BEGIN

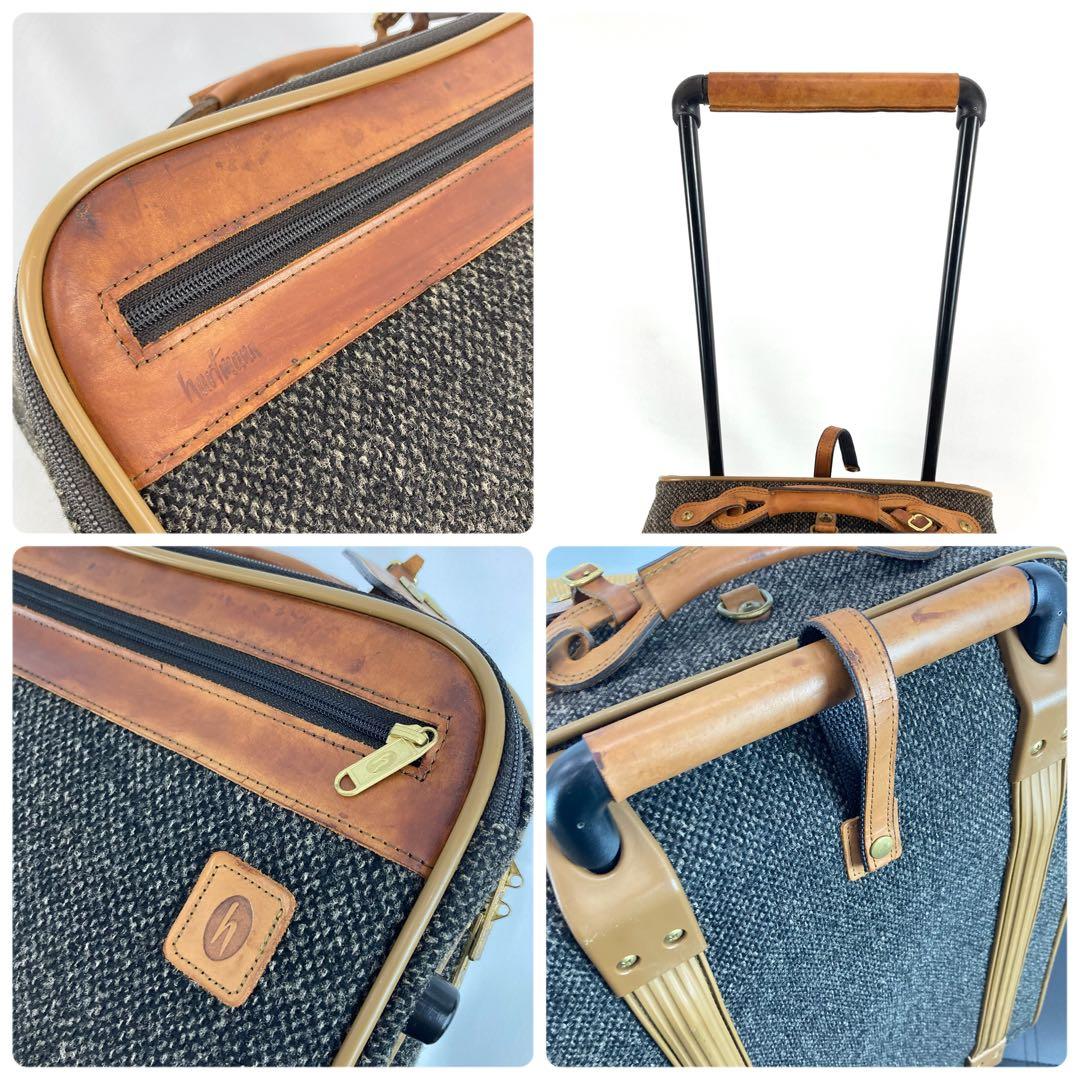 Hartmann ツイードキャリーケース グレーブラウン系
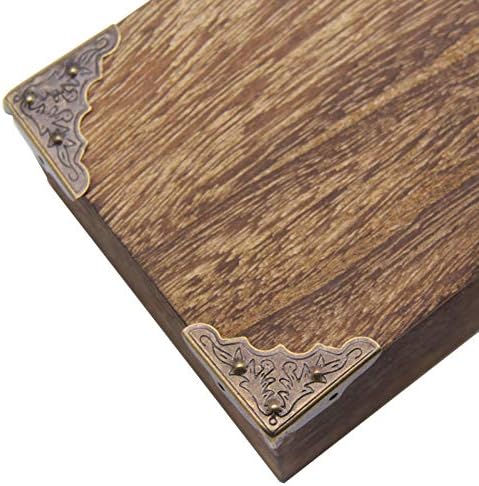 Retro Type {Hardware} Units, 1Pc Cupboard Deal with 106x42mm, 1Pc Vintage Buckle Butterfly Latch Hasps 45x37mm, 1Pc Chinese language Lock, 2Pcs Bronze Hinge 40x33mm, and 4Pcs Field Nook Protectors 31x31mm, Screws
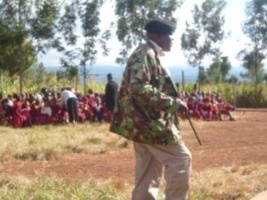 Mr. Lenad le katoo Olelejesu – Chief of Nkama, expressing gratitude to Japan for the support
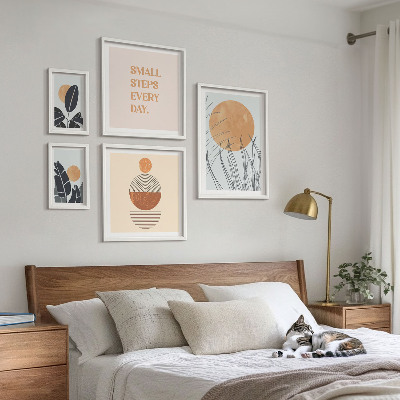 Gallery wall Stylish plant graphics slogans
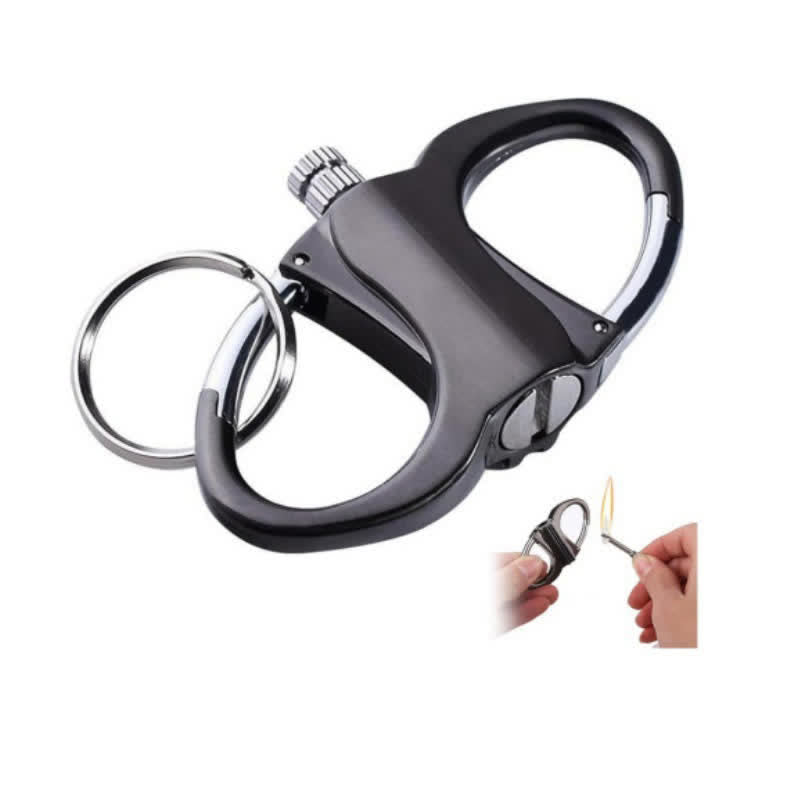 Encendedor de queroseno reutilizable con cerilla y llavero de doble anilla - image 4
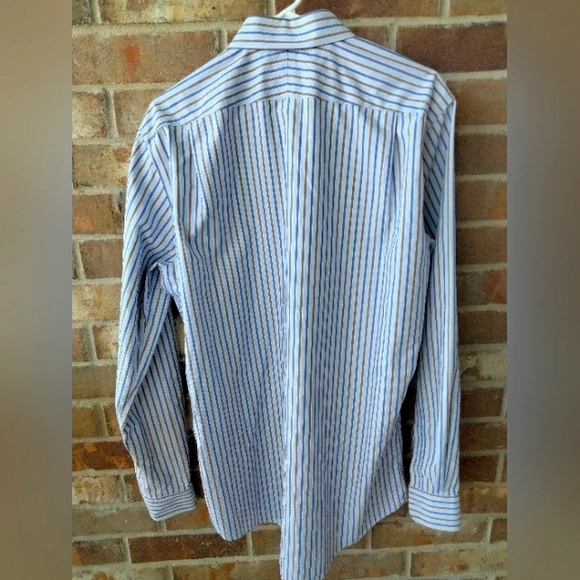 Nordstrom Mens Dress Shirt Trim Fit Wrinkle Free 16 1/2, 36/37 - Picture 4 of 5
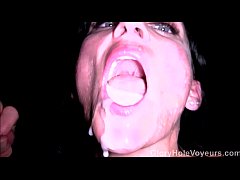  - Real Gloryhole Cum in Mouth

END

• _Task prompt_
Print every record exactly, without the pictures.

• _Solution for this task_
 Hartmann ツイードキャリーケース グレーブラウン系
 Retro Type {Hardware} Units, 1Pc Cupboard Deal with 106x42mm, 1Pc Vintage Buckle Butterfly Latch Hasps 45x37mm, 1Pc Chinese language Lock, 2Pcs Bronze Hinge 40x33mm, and 4Pcs Field Nook Protectors 31x31mm, Screws
 Mr. Lenad le katoo Olelejesu – Chief of Nkama, expressing gratitude to Japan for the support
 Gallery wall Stylish plant graphics slogans
 Encendedor de queroseno reutilizable con cerilla y llavero de doble anilla - image 4
 Nordstrom Mens Dress Shirt Trim Fit Wrinkle Free 16 1/2, 36/37 - Picture 4 of 5
  - Real Gloryhole Cum in Mouth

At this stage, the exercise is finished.